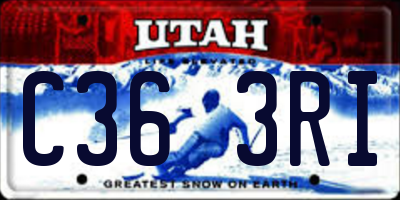 UT license plate C363RI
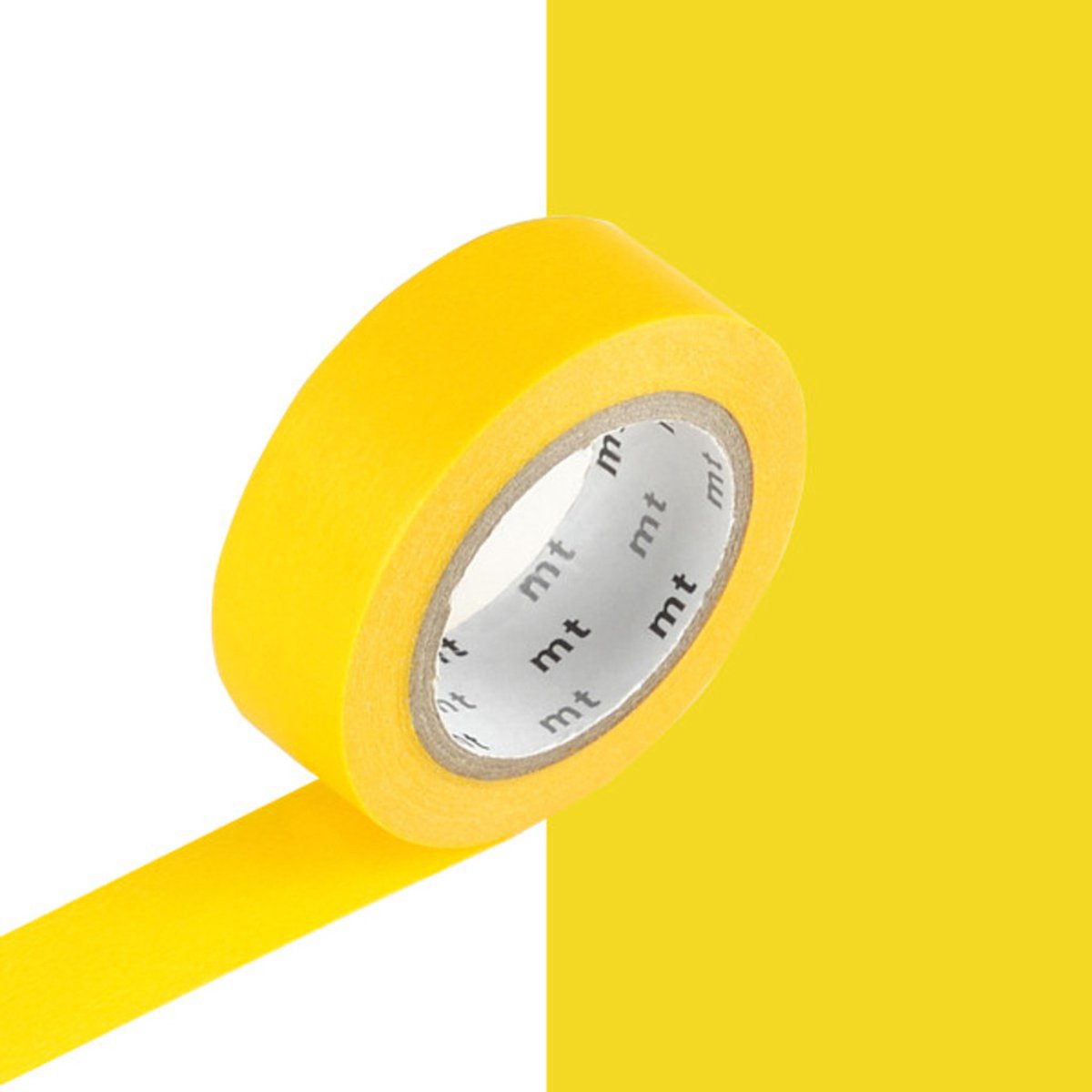 Washi Tape Geel - 7 meter x 1,5 cm. - MT Masking Tape Matte Yellow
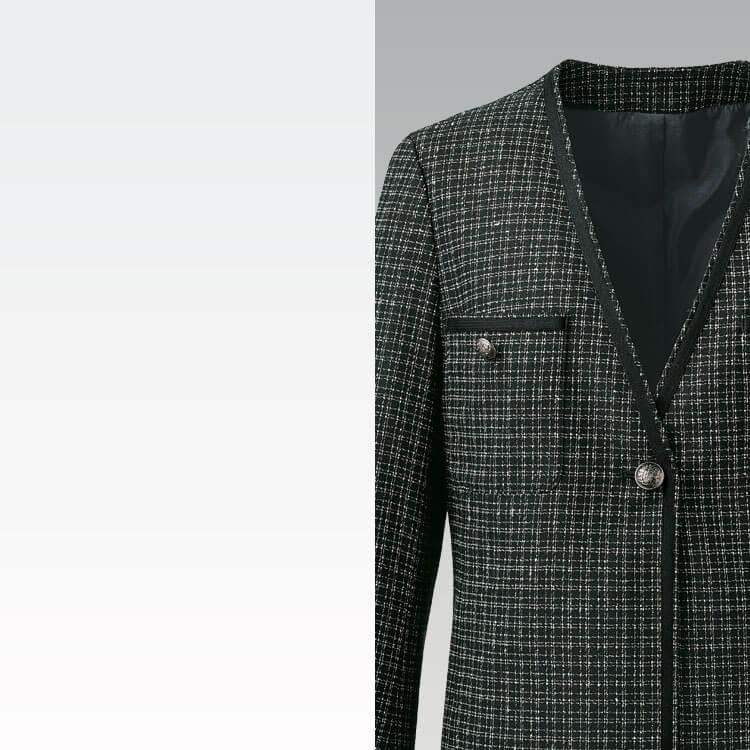 事務服ジャケット・ノーカラー・レディース・オフィスユニフォーム・制服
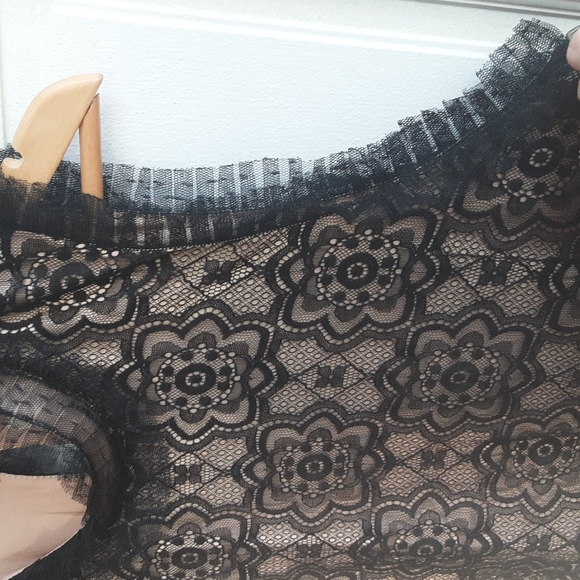 Max Studio Black Lace Shift Sheath Dress Tunic, beige lining, one size fits many - Picture 6 of 13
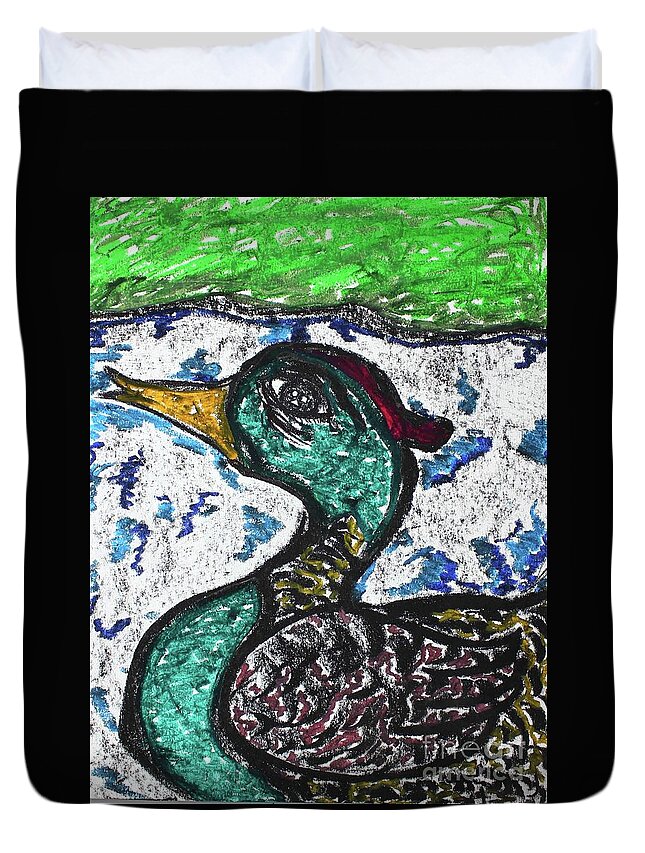 Charcoal Duvet Cover featuring the pastel Swimming Duck by Odalo Wasikhongo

◆ ◆ ◆

■ Task statement
Pictures are to be omitted. Output verbatim only the lines from the one holding "Max Studio Black" through the end of the material, both included.

■ Finished exercise
 Max Studio Black Lace Shift Sheath Dress Tunic, beige lining, one size fits many - Picture 6 of 13
 Charcoal Duvet Cover featuring the pastel Swimming Duck by Odalo Wasikhongo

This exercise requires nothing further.